=== Work task ===
Copy the lines verbatim, beginning with the line that contains "SET 16 SFERE" and continuing through the end of the data, and only those lines.

Dataset records:
---+---

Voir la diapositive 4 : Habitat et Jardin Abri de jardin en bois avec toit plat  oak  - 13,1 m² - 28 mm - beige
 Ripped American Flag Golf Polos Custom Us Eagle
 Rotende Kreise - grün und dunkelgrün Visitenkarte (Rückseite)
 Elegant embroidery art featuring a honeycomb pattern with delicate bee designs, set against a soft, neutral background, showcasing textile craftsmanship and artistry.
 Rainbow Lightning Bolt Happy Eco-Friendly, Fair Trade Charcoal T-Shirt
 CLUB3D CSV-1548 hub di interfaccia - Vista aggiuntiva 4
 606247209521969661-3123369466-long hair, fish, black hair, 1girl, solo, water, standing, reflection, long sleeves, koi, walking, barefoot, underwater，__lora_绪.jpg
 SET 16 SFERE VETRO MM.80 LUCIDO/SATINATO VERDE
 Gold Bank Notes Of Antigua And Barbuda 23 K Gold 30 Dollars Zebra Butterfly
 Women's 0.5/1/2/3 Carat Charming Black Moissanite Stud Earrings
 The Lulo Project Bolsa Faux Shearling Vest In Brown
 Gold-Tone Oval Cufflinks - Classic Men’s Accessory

---+---

=== Response below ===
 SET 16 SFERE VETRO MM.80 LUCIDO/SATINATO VERDE
 Gold Bank Notes Of Antigua And Barbuda 23 K Gold 30 Dollars Zebra Butterfly
 Women's 0.5/1/2/3 Carat Charming Black Moissanite Stud Earrings
 The Lulo Project Bolsa Faux Shearling Vest In Brown
 Gold-Tone Oval Cufflinks - Classic Men’s Accessory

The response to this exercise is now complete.